PROVIDED MATERIAL: Begin

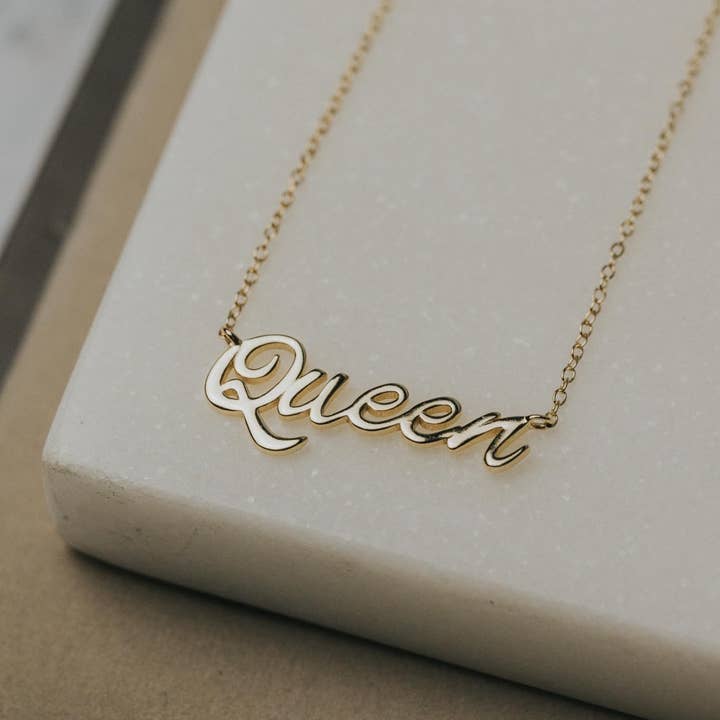 Spitfire Girl - Wholesale Pendant/Charm Necklace - Queen Gold Necklace1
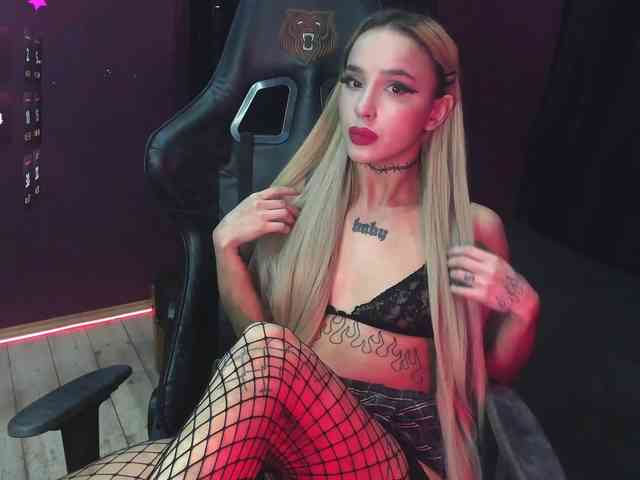 AshMila webcam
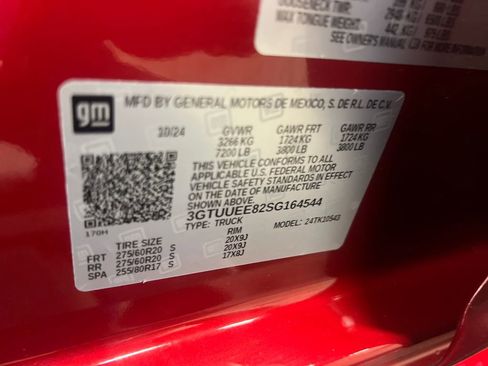 Certified 2025 GMC Sierra 1500 AT4 w/ AT4 Premium Package AWD/4WD image 29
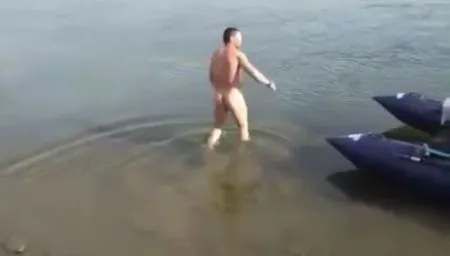 На червя пошла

PROVIDED MATERIAL: End

ASSIGNED TASK » When you reach the line containing "Certified 2025 GMC" in the listing above, reproduce it and every line after it through the last, exactly; omit the pictures.

RESULT FOR THIS EXERCISE »
 Certified 2025 GMC Sierra 1500 AT4 w/ AT4 Premium Package AWD/4WD image 29
 На червя пошла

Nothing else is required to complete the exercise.